I believe the attached is a more accurate representation of the currently shipping product than either of the existing postings. If you are willing, I'd suggest calling it:
Compaq_AlphaServer_DS10/DS10L
or if space does not permit the above, then how about
Compaq_Alpha_DS10/DS10L
Please *remove* the result that I submitted 5/26/99, http://www.cs.virginia.edu/stream/stream_mail/1999/0026.html . Or if you don't like removing old history, you could move it to the experimental table or somehow rename it with something like "older rev" or "obsolete firmware".

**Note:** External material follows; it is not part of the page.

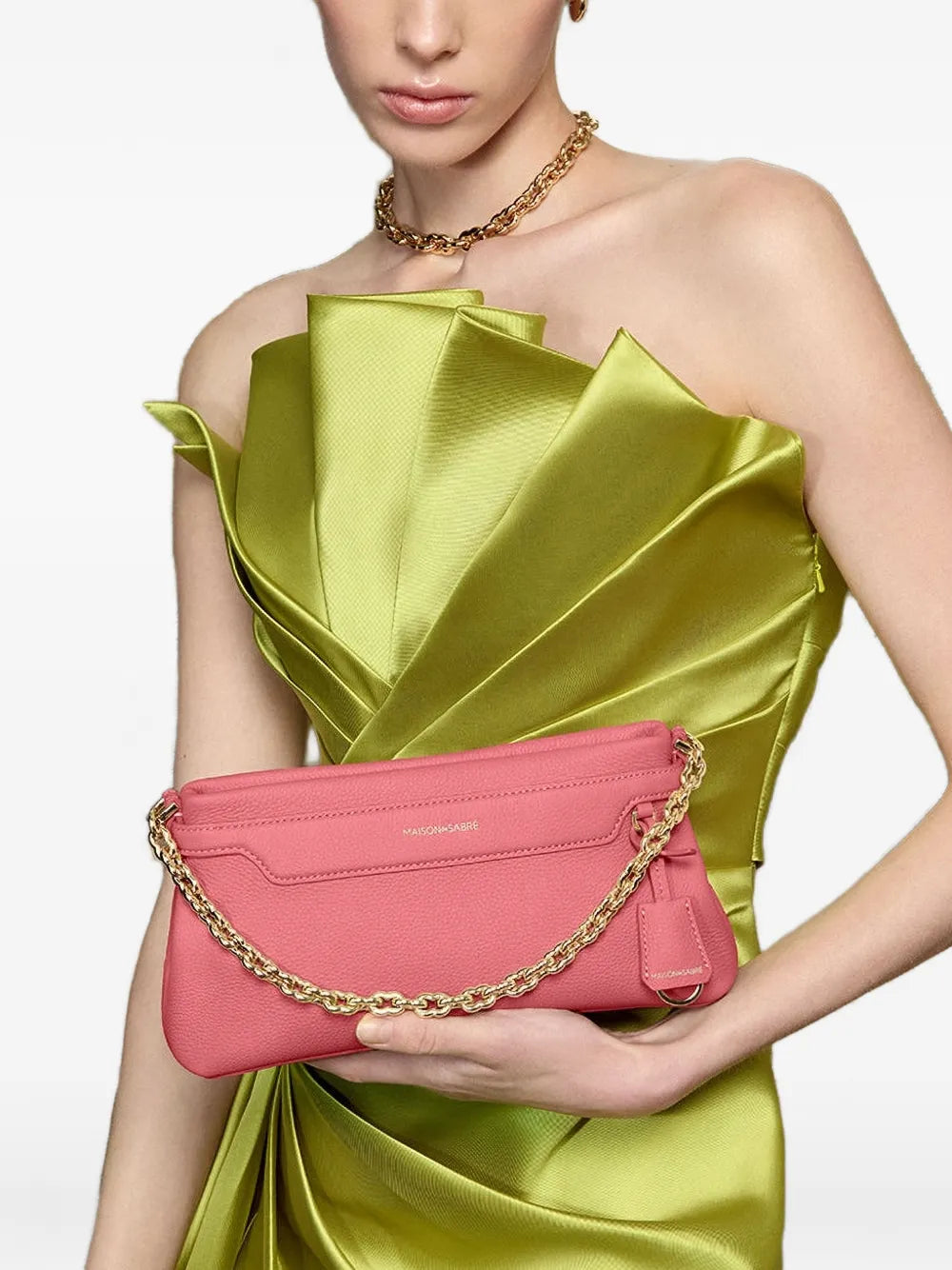 Maison De Sabre The Palais Soiree Chain Leather Shoulder Bag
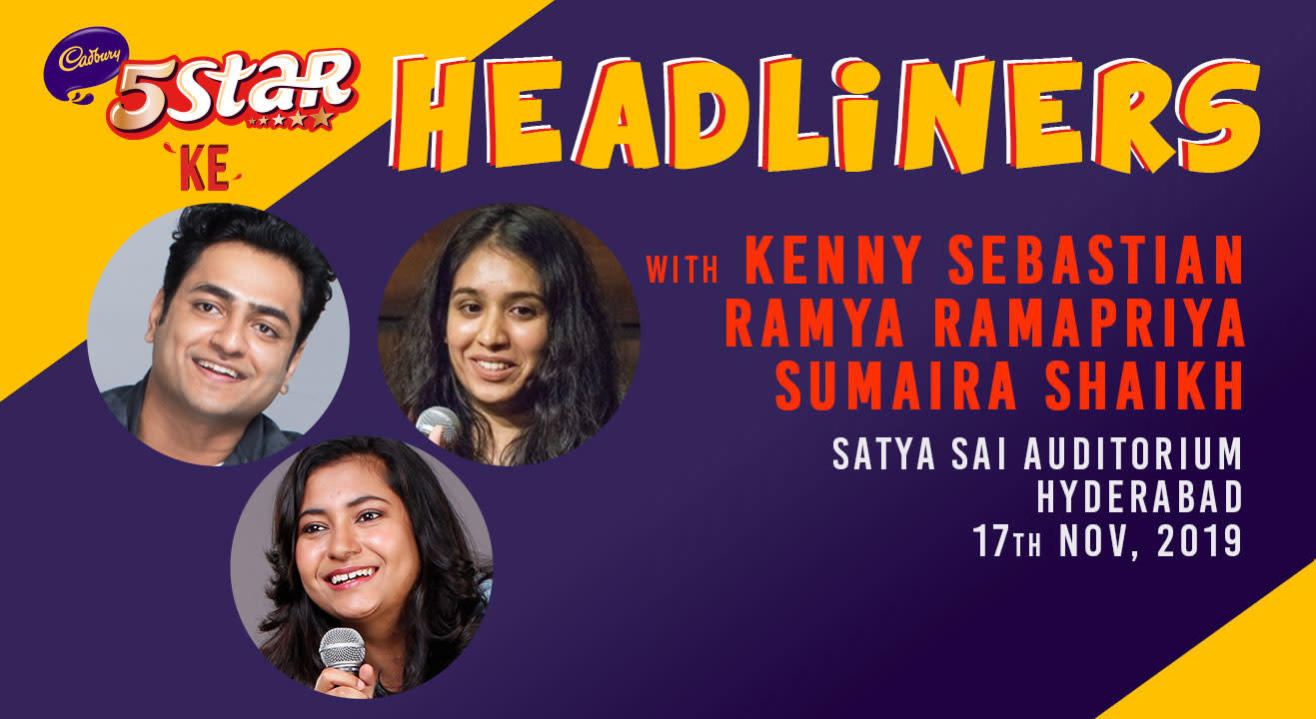 5 Star ke Headliners ft Kenny Sebastian, Ramya & Sumaira Shaikh | Hyderabad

The other existing result is from Greg Lindahl. Greg wrote in http://www.cs.virginia.edu/stream/stream_mail/2000/0008.html that he thought that his slower result was due to hardware. Actually, it's probably due to the fact that he was using Linux, and the compiler version he had may have been slightly less aggressive in its use of prefecthing. It's not hardware; I have it from an authoritative member of the engineering team that the DS10 and DS10L memory systems are the same, in all aspects except capacity. The former can hold 2GB; the latter can hold only 1GB. So perhaps you could mark Greg's result as something like
Compaq_Alpha_DS10_Linux
You'll note that the source below is identical to the source for the recent ES40 submissions; I just compiled it WITHOUT "-omp", so those parallel directives are treated as comments.
Thanks - John Henning
Script started on Tue Jun 27 05:00:51 2000 % /usr/sbin/psrinfo -v Status of processor 0 as of: 06/27/00 05:00:55 Processor has been on-line since 06/21/2000 11:15:15 The alpha EV6 (21264) processor operates at 463 MHz, and has an alpha internal floating point processor. % diff stream_d.f_as_at_ftp_site_22may97 mcc_omp.f 0a1,4 > * this version 25-May-2000 j. henning compaq > * Arrays are ALLOCATABLE; OpenMP syntax has been simplified (per > * suggestion from John McCalpin); timer is Fortran-90 SYSTEM_CLOCK > 52,53c56,57 < INTEGER n,offset,ndim,ntimes < PARAMETER (n=2000000,offset=0,ndim=n+offset,ntimes=10)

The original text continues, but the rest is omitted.